Wal-Mart Struggles to Get Up to Speed

By Sari Kalin, CIO |  Development

THE WORLD'S LEADING BIG-BOX discount retailer has finally started to think big
thoughts about its website. Wal-Mart has unveiled a total revamp of its site -- the
first major online overhaul it has undertaken since it launched its e-commerce effort
in the summer of 1996. And hot on the heels of the Jan. 1 relaunch, the company has
announced a venture with a Silicon Valley VC firm to speed future development of the
site.

An online store waiting three-and-a-half years to unveil a major site redesign is
kind of like a brick-and-mortar shopping mall waiting a few decades to install a food
court. During the past three years, nimble online retail pioneer Amazon.com has been
continually evolving its site, adding shopping categories from hardware to toys,
improving its shopping tools and increasing its customer base and revenues (if not its
profits, which remain nonexistent); brick-and-mortar retailers such as Macy's have also
been through several online design iterations. But Wal-Mart spokesperson Melissa
Berryhill defends the Bentonville, Ark.-based retail giant's slower pace. "We've been
more concerned about doing this right rather than doing it fast," Berryhill says.

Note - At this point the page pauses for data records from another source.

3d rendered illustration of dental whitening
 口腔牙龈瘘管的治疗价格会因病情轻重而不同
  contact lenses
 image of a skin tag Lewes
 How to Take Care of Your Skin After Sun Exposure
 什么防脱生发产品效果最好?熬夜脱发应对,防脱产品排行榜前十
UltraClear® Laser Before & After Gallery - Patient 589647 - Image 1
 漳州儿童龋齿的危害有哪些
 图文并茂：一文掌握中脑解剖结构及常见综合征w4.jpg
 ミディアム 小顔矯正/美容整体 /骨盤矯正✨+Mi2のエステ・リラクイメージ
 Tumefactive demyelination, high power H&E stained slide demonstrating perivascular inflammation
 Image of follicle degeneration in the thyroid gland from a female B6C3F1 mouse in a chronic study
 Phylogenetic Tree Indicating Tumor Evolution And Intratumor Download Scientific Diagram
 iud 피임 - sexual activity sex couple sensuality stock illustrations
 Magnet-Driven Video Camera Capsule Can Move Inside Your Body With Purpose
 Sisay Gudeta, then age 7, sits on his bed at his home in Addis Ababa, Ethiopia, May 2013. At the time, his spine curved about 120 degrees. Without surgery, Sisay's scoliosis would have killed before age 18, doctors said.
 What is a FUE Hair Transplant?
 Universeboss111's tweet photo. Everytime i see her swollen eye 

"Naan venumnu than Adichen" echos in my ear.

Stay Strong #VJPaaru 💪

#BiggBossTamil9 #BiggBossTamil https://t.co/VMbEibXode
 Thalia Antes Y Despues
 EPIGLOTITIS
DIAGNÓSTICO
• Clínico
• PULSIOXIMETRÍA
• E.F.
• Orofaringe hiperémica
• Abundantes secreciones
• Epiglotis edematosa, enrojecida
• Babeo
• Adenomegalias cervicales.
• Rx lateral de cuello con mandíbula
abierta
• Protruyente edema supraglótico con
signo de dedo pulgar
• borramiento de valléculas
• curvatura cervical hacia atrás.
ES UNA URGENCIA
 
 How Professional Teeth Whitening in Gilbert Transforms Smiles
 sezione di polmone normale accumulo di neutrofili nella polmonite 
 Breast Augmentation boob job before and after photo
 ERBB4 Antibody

Did Wal-Mart do it right? The new site offers roughly 600,000 products -- about six
times the number of products found in a typical Wal-Mart Supercenter. The site has
added several new product and service categories, including travel, photo, automotive,
pets and hobbies. Shopping tools include a gift finder, personal shopping list and
reminder calendar. Customers who shop online can return their merchandise in Wal-Mart's
stores, a convenience that will likely be much appreciated by shoppers who've struggled
with post-Christmas returns to dotcoms. And Wal-Mart is testing 60 web kiosks in its
stores to help introduce its current customer base to online shopping.

That's certainly an improvement from Wal-Mart's earlier web efforts. But according
to at least one analyst, the redesign still falls short in functionality and strategy.
The site's search tool "doesn't work at all," says Seema Williams, a senior analyst for
online retail at Forrester Research. And the site looks clunky, with a long list of
categories trailing down the lefthand side of the page. "They don't seem to have a
market-leading site, not even a market average site," says Williams. Strategically, Wal-
Mart has yet to use its massive brick-and-mortar presence to full online advantage.
Offering in-store pickup of items ordered online "would be an enormous edge, seriously
one-upping all the dotcom retailers," Williams says.